As a former farmer with some 10 years’ experience, Nestlé CPO Patricia Stroup is all too aware of the threats that can impact Nestlé. “I grew up on a farm and I had a farm for 10 years as my first job out of college. My after-school job during high school was milking cows,” she says.
“Geopolitical crises, supply chain disruption, inflation – all of those, of course, are a problem. But they all come, to me, under the category of risk. So, how we manage risk is what keeps me up at night… We try to be robust as a procurement organisation because, as a commodities company, risk is a part of our everyday life: we can have a crop failure, we can have a delivery failure, we can have a quality failure, so how do we handle that?”

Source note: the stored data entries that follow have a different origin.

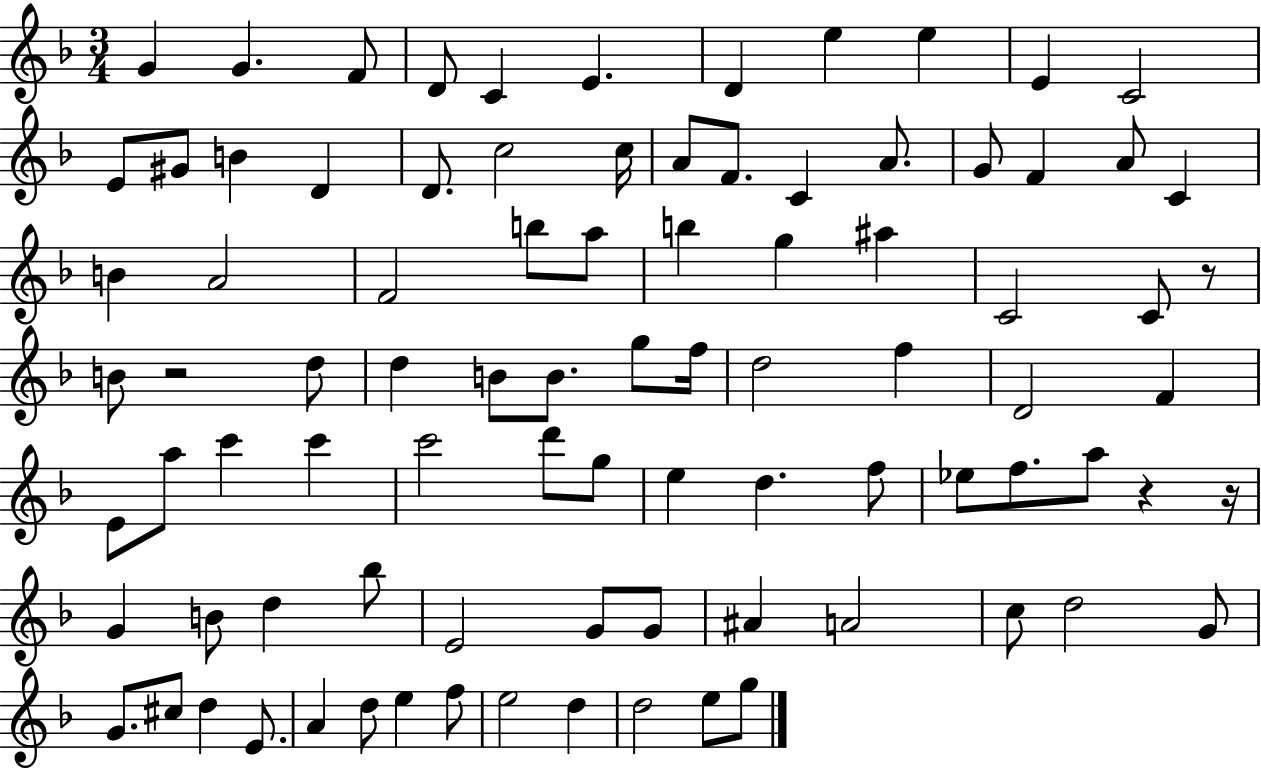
G4/q G4/q. F4/e D4/e C4/q E4/q. D4/q E5/q E5/q E4/q C4/h E4/e G#4/e B4/q D4/q D4/e. C5/h C5/s A4/e F4/e. C4/q A4/e. G4/e F4/q A4/e C4/q B4/q A4/h F4/h B5/e A5/e B5/q G5/q A#5/q C4/h C4/e R/e B4/e R/h D5/e D5/q B4/e B4/e. G5/e F5/s D5/h F5/q D4/h F4/q E4/e A5/e C6/q C6/q C6/h D6/e G5/e E5/q D5/q. F5/e Eb5/e F5/e. A5/e R/q R/s G4/q B4/e D5/q Bb5/e E4/h G4/e G4/e A#4/q A4/h C5/e D5/h G4/e G4/e. C#5/e D5/q E4/e. A4/q D5/e E5/q F5/e E5/h D5/q D5/h E5/e G5/e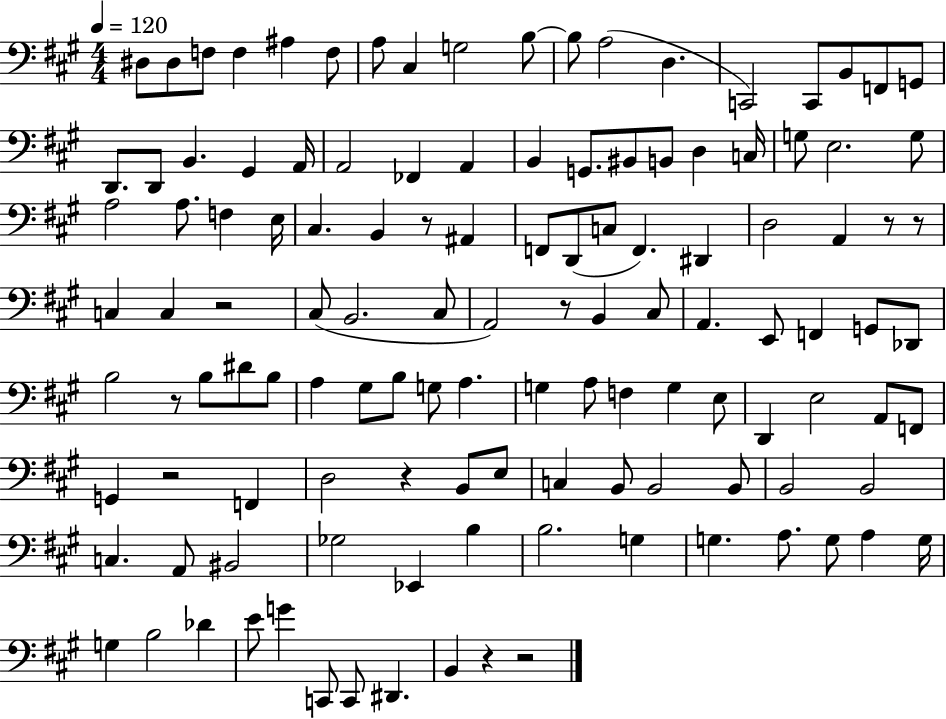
{
  \clef bass
  \numericTimeSignature
  \time 4/4
  \key a \major
  \tempo 4 = 120
  dis8 dis8 f8 f4 ais4 f8 | a8 cis4 g2 b8~~ | b8 a2( d4. | c,2) c,8 b,8 f,8 g,8 | \break d,8. d,8 b,4. gis,4 a,16 | a,2 fes,4 a,4 | b,4 g,8. bis,8 b,8 d4 c16 | g8 e2. g8 | \break a2 a8. f4 e16 | cis4. b,4 r8 ais,4 | f,8 d,8( c8 f,4.) dis,4 | d2 a,4 r8 r8 | \break c4 c4 r2 | cis8( b,2. cis8 | a,2) r8 b,4 cis8 | a,4. e,8 f,4 g,8 des,8 | \break b2 r8 b8 dis'8 b8 | a4 gis8 b8 g8 a4. | g4 a8 f4 g4 e8 | d,4 e2 a,8 f,8 | \break g,4 r2 f,4 | d2 r4 b,8 e8 | c4 b,8 b,2 b,8 | b,2 b,2 | \break c4. a,8 bis,2 | ges2 ees,4 b4 | b2. g4 | g4. a8. g8 a4 g16 | \break g4 b2 des'4 | e'8 g'4 c,8 c,8 dis,4. | b,4 r4 r2 | \bar "|."
}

Stroup spoke to Tim Burt, community advisor at Procurement Leaders, to discuss the current environment, and the factor she considers to be most important during turbulent times – people. Listen to the conversation in full or read highlights, below:
Leaders across the enterprise now recognise procurement’s value
After almost three years spent standing up to the effects of a global pandemic, logistics delays, inflation, scarcity and numerous other challenges, Stroup feels procurement is finally getting the acknowledgement it deserves. “The last couple of years have really shown businesses the value of procurement – and not just as a purchasing function/PO function, but the strategy of procurement and the value we bring in managing risk,” she says. “The executive team has acknowledged the procurement team’s work in keeping product on the shelf, managing cost and managing inflation. I don’t think this is just Nestlé, this is across the board.”
Leveraging long-standing risk management expertise
Stroup suggests that, in many ways, the polycrisis is nothing new: “I know we are facing unique times but, when we look at history and we look forward, I’m not so sure it’s that unique. We’ve always had these issues and we always will.”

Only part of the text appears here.